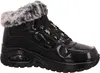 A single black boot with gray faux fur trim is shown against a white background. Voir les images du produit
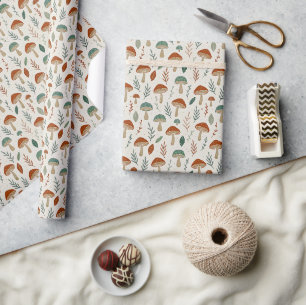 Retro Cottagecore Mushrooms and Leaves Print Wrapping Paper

* * *

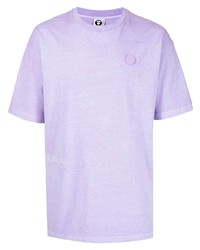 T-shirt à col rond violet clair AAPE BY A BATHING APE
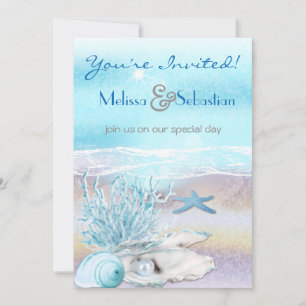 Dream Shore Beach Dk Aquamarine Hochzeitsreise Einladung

...

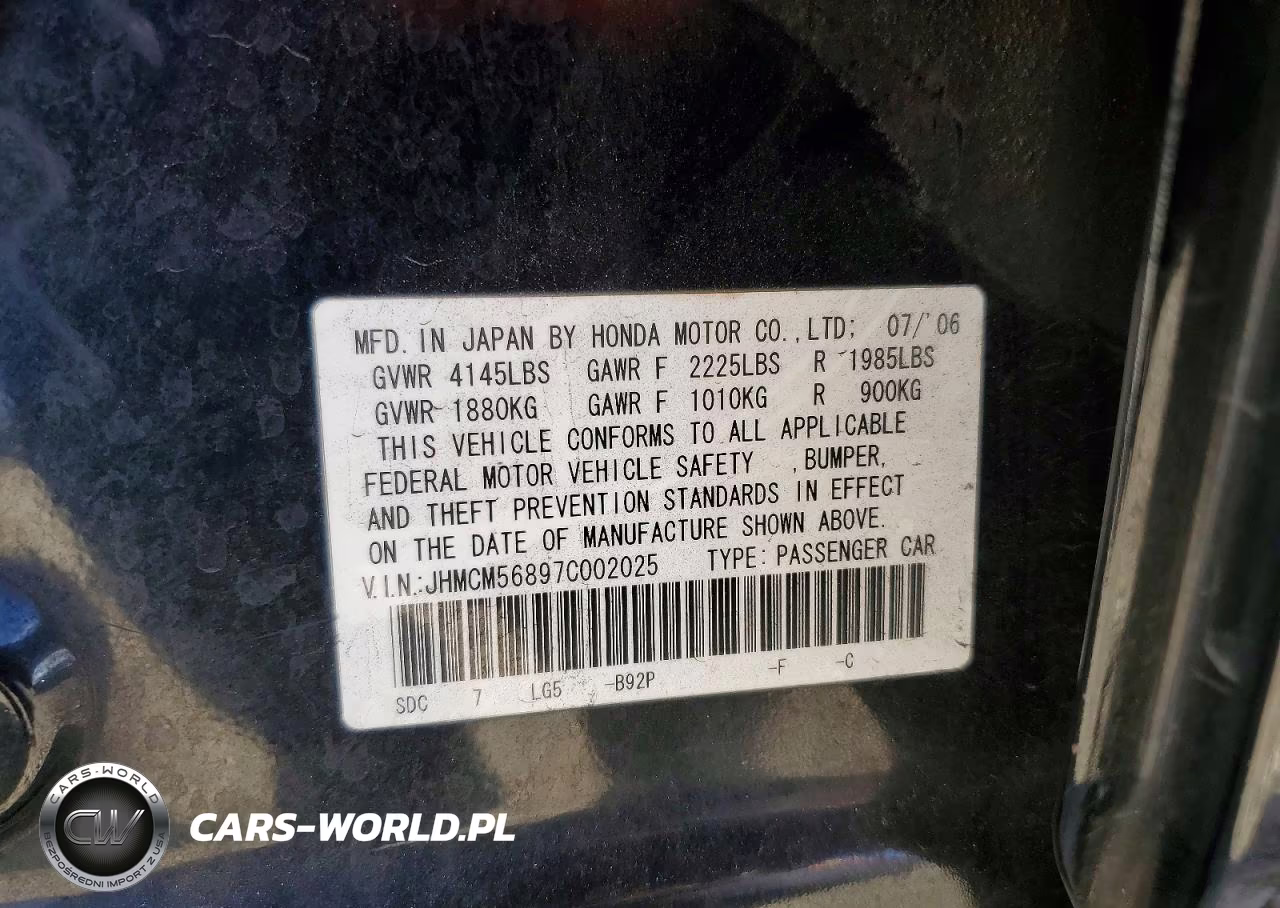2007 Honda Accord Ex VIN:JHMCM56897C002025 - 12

• **EXERCISE REQUIREMENTS**:
The result should be an exact copy of only the lines above from the one that holds "A single black" through the one that holds "Retro Cottagecore Mushrooms", both ends included, without pictures.

• **SOLUTION TO THIS EXERCISE**:
 A single black boot with gray faux fur trim is shown against a white background. Voir les images du produit
 Retro Cottagecore Mushrooms and Leaves Print Wrapping Paper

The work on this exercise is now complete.